+++ Source information

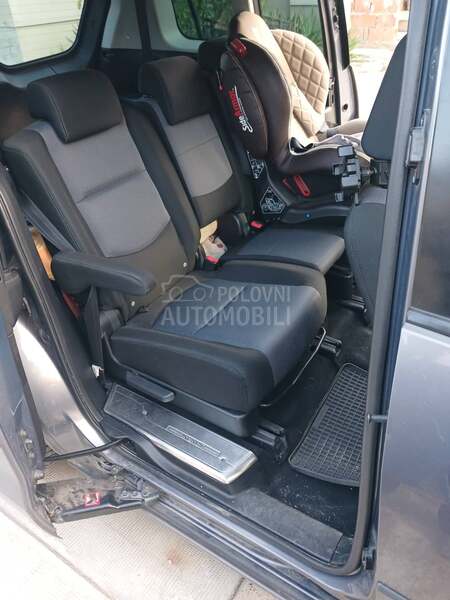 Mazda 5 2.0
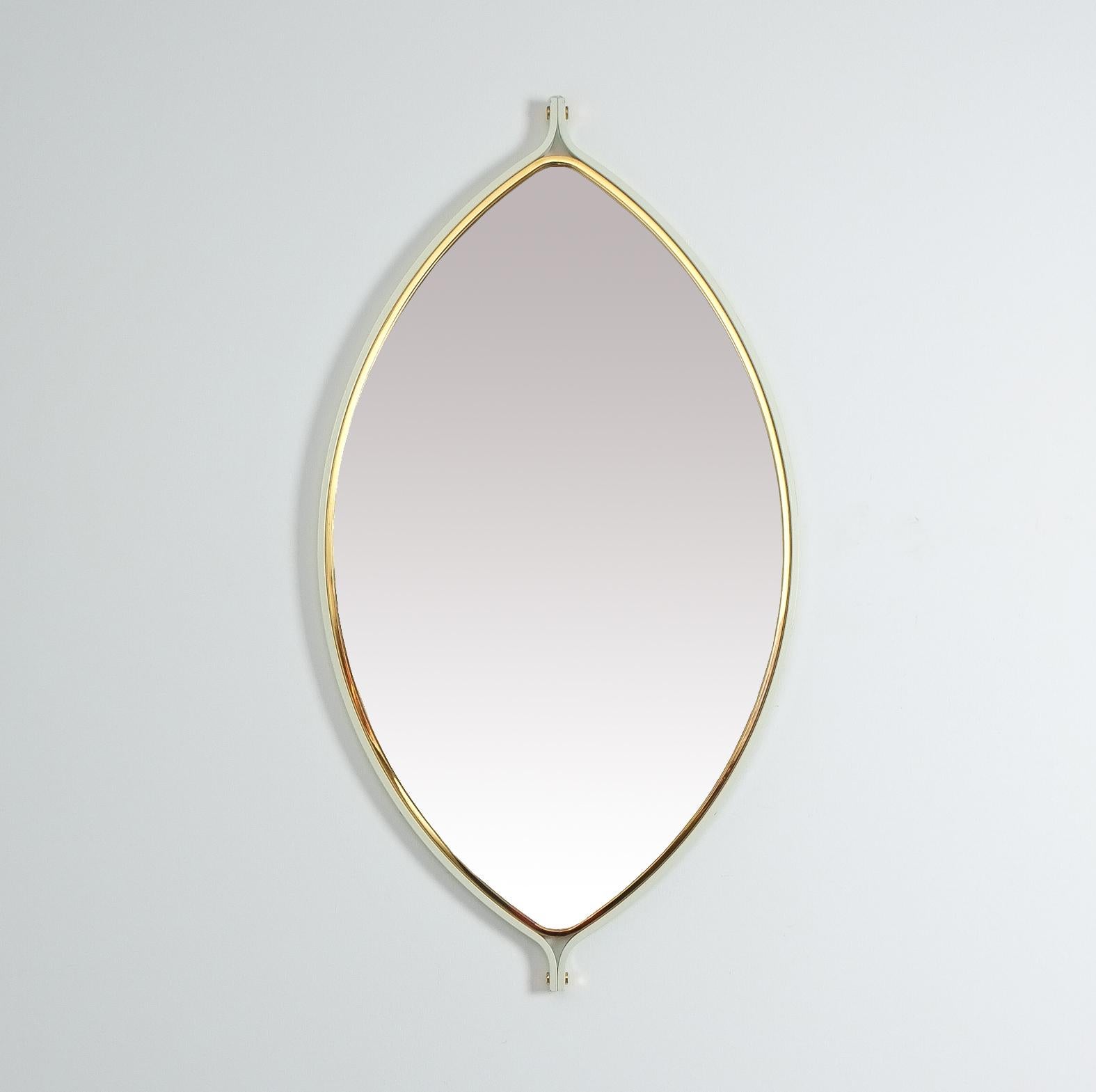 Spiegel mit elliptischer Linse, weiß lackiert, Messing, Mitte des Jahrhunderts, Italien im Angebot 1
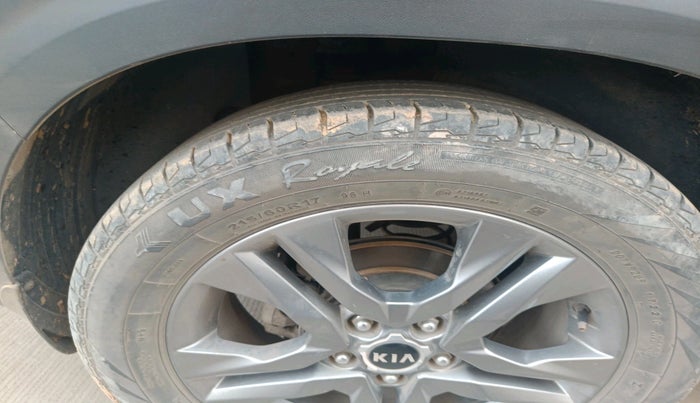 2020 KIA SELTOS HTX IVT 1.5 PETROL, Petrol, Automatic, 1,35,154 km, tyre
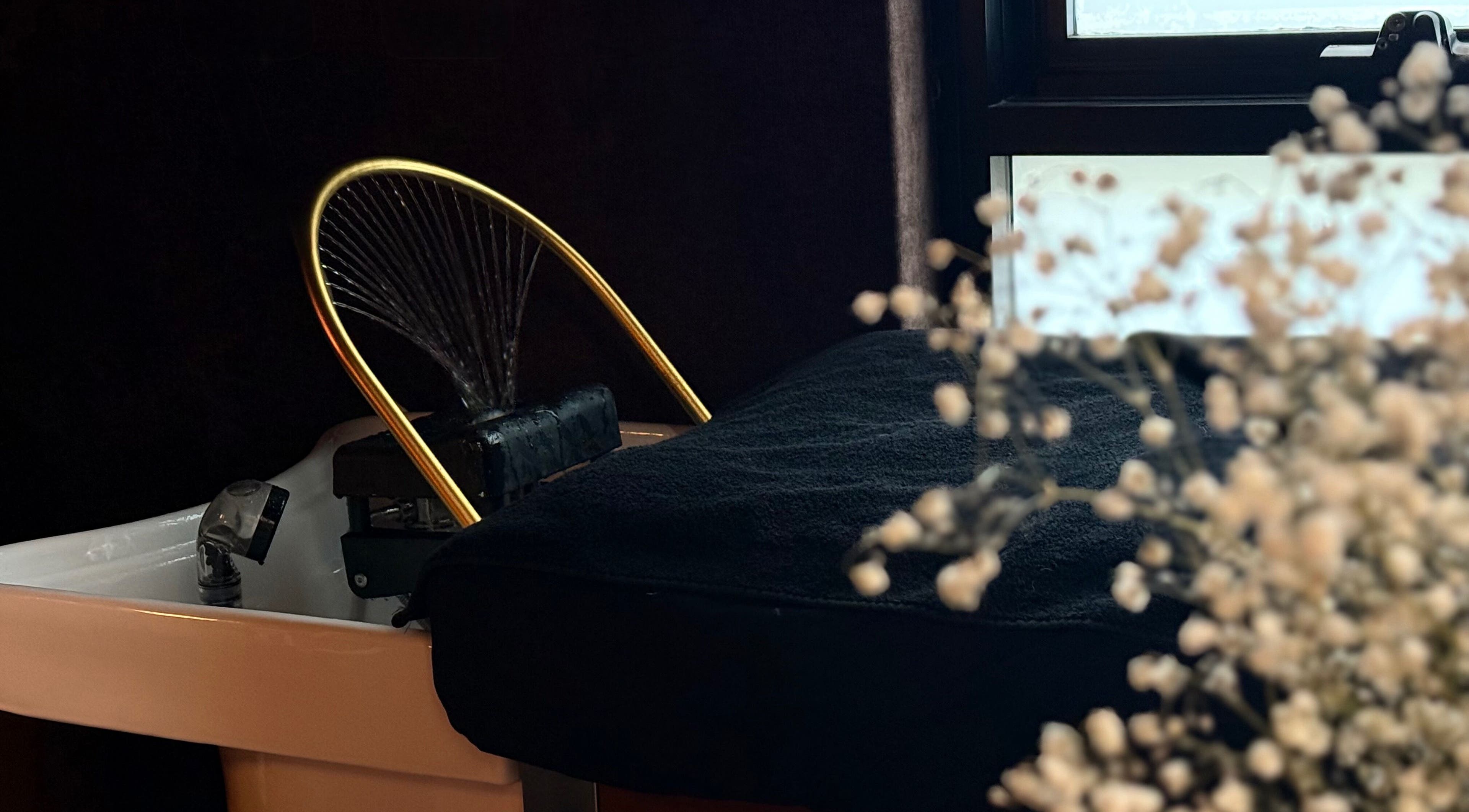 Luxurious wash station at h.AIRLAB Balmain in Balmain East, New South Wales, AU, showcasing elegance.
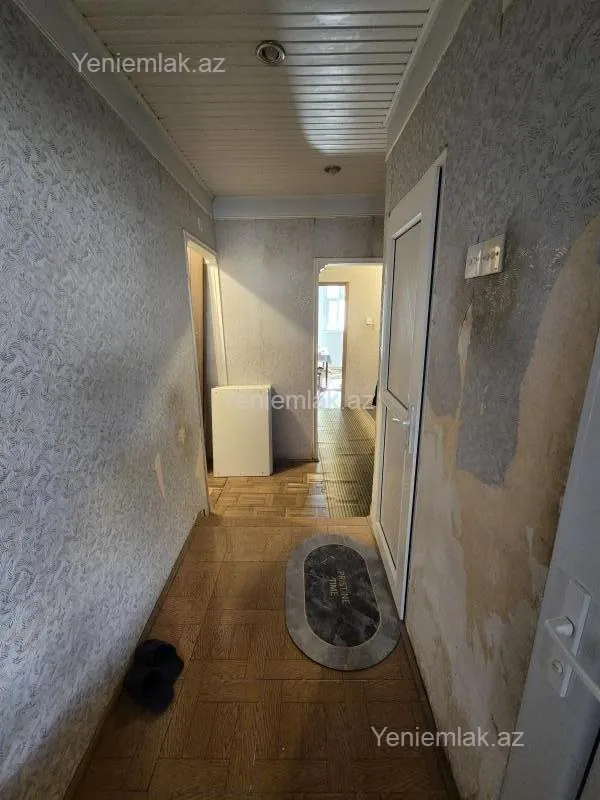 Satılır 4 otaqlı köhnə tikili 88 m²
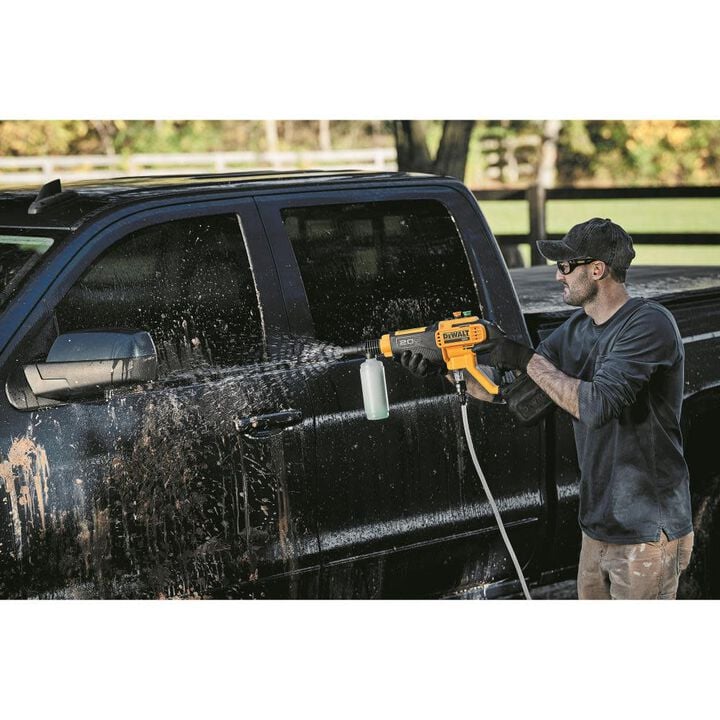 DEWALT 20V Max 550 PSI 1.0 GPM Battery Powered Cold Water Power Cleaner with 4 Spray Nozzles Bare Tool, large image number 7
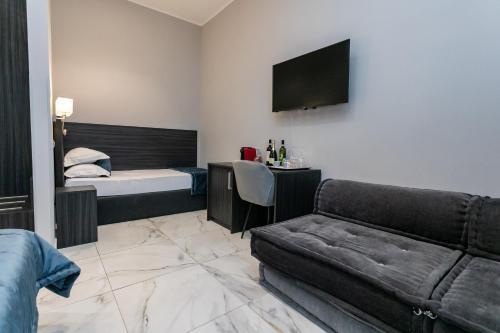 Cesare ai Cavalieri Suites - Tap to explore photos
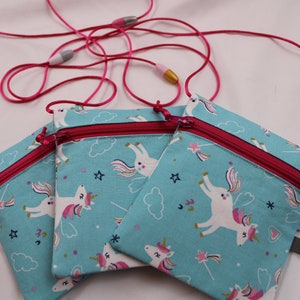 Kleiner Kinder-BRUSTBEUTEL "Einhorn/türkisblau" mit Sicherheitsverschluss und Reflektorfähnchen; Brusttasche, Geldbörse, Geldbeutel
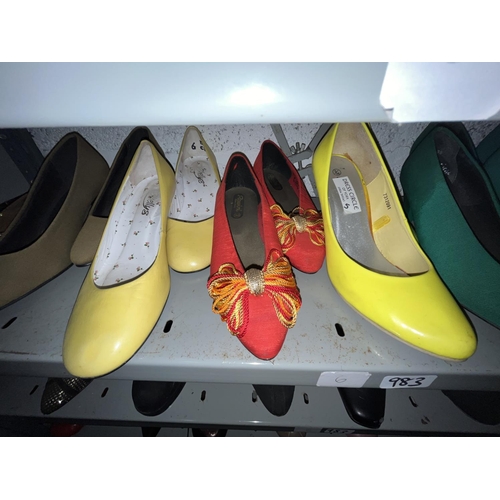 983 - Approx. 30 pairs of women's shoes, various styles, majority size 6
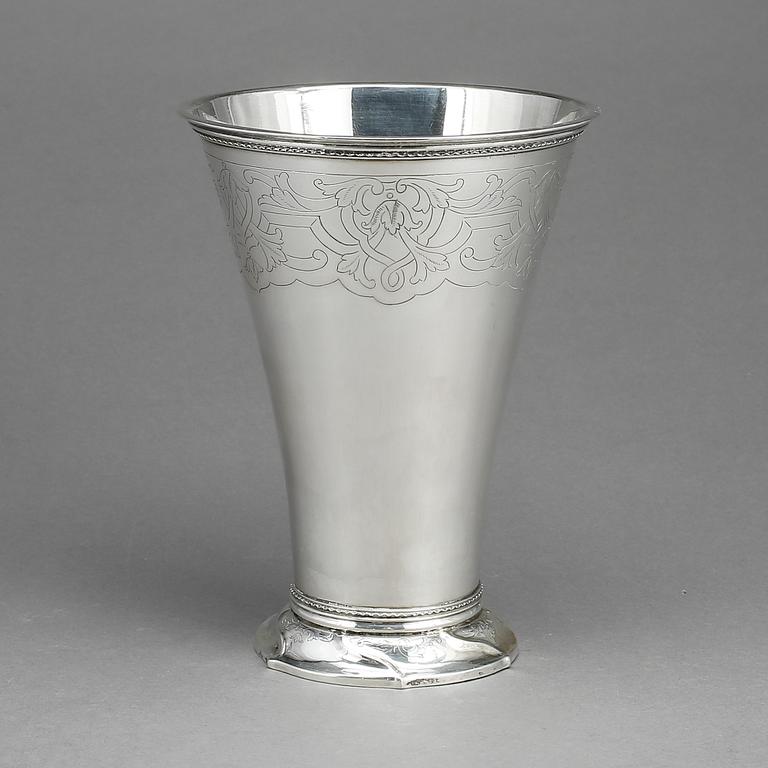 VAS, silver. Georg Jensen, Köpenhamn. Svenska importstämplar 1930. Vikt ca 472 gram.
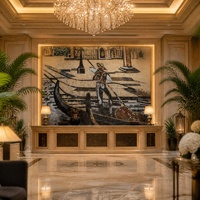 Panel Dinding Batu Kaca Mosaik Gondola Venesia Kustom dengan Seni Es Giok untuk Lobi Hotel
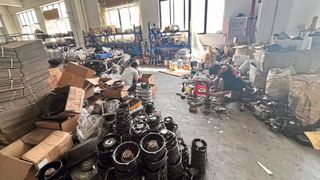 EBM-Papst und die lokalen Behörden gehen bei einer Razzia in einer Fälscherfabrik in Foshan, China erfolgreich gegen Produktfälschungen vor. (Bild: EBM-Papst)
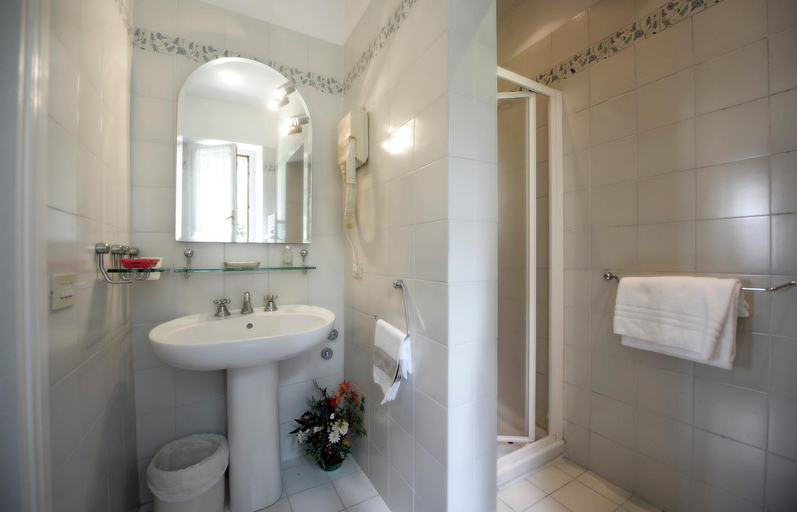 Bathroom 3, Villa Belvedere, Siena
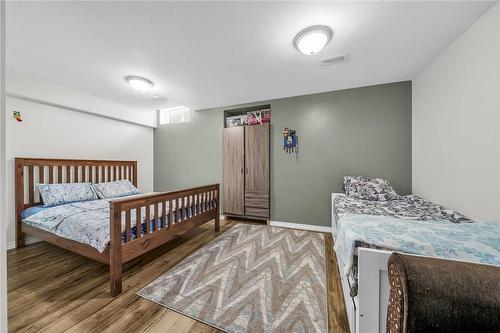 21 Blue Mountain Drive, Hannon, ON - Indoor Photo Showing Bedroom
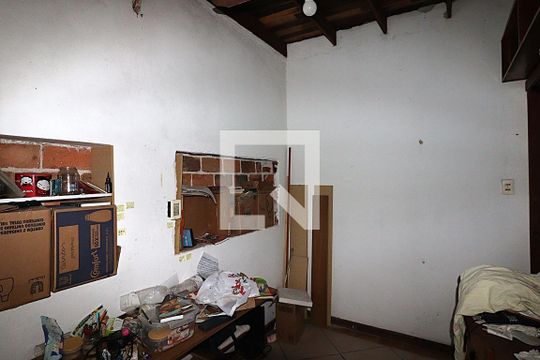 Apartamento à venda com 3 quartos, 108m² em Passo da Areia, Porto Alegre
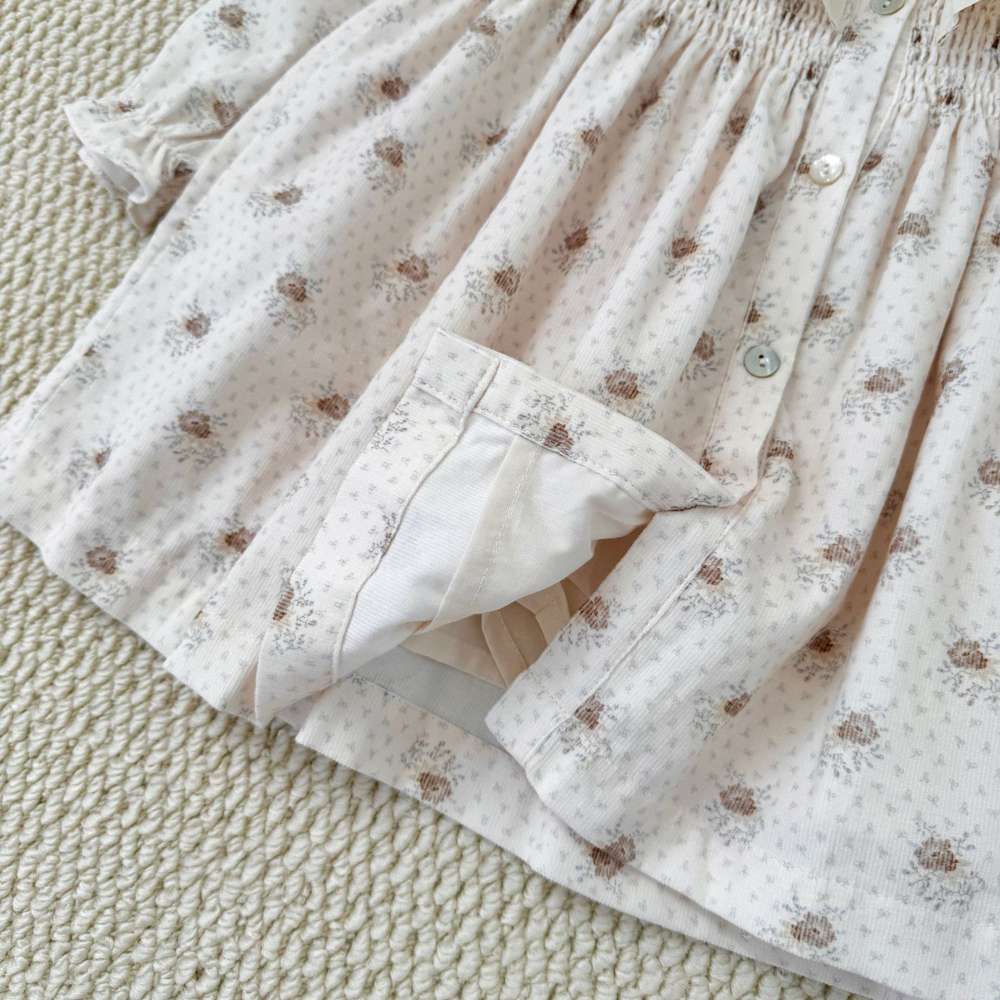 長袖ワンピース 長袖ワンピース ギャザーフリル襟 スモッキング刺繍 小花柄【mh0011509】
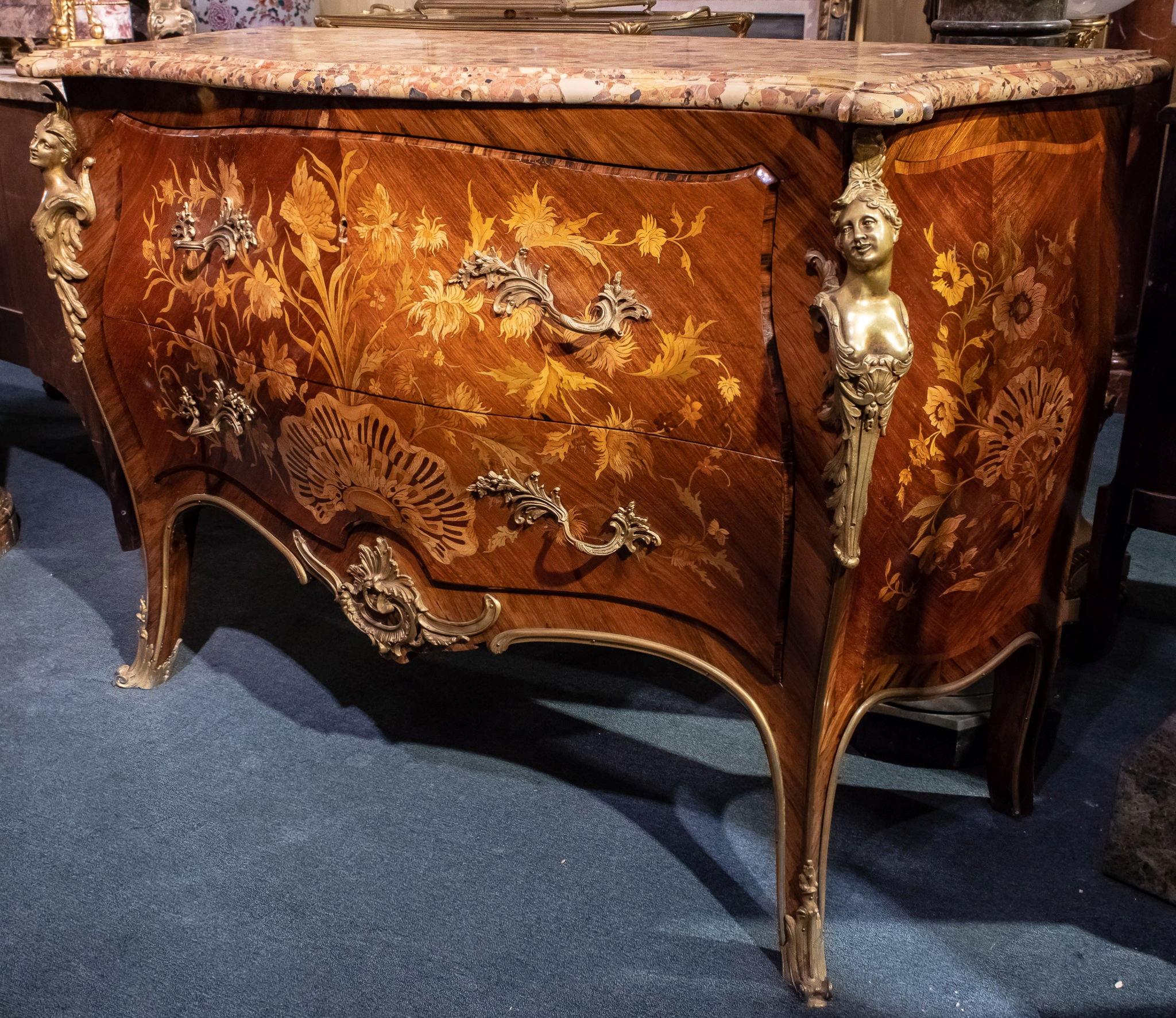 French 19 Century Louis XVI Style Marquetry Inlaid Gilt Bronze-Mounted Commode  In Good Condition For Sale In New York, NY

++++++

**The task**: Copy each line of the records precisely and drop any images they hold.

**Answer**:
 Mazda 5 2.0
 Spiegel mit elliptischer Linse, weiß lackiert, Messing, Mitte des Jahrhunderts, Italien im Angebot 1
 2020 KIA SELTOS HTX IVT 1.5 PETROL, Petrol, Automatic, 1,35,154 km, tyre
 Luxurious wash station at h.AIRLAB Balmain in Balmain East, New South Wales, AU, showcasing elegance.
 Satılır 4 otaqlı köhnə tikili 88 m²
 DEWALT 20V Max 550 PSI 1.0 GPM Battery Powered Cold Water Power Cleaner with 4 Spray Nozzles Bare Tool, large image number 7
 Cesare ai Cavalieri Suites - Tap to explore photos
 Kleiner Kinder-BRUSTBEUTEL "Einhorn/türkisblau" mit Sicherheitsverschluss und Reflektorfähnchen; Brusttasche, Geldbörse, Geldbeutel
 983 - Approx. 30 pairs of women's shoes, various styles, majority size 6
 VAS, silver. Georg Jensen, Köpenhamn. Svenska importstämplar 1930. Vikt ca 472 gram.
 Panel Dinding Batu Kaca Mosaik Gondola Venesia Kustom dengan Seni Es Giok untuk Lobi Hotel
 EBM-Papst und die lokalen Behörden gehen bei einer Razzia in einer Fälscherfabrik in Foshan, China erfolgreich gegen Produktfälschungen vor. (Bild: EBM-Papst)
 Bathroom 3, Villa Belvedere, Siena
 21 Blue Mountain Drive, Hannon, ON - Indoor Photo Showing Bedroom
 Apartamento à venda com 3 quartos, 108m² em Passo da Areia, Porto Alegre
 長袖ワンピース 長袖ワンピース ギャザーフリル襟 スモッキング刺繍 小花柄【mh0011509】
 French 19 Century Louis XVI Style Marquetry Inlaid Gilt Bronze-Mounted Commode  In Good Condition For Sale In New York, NY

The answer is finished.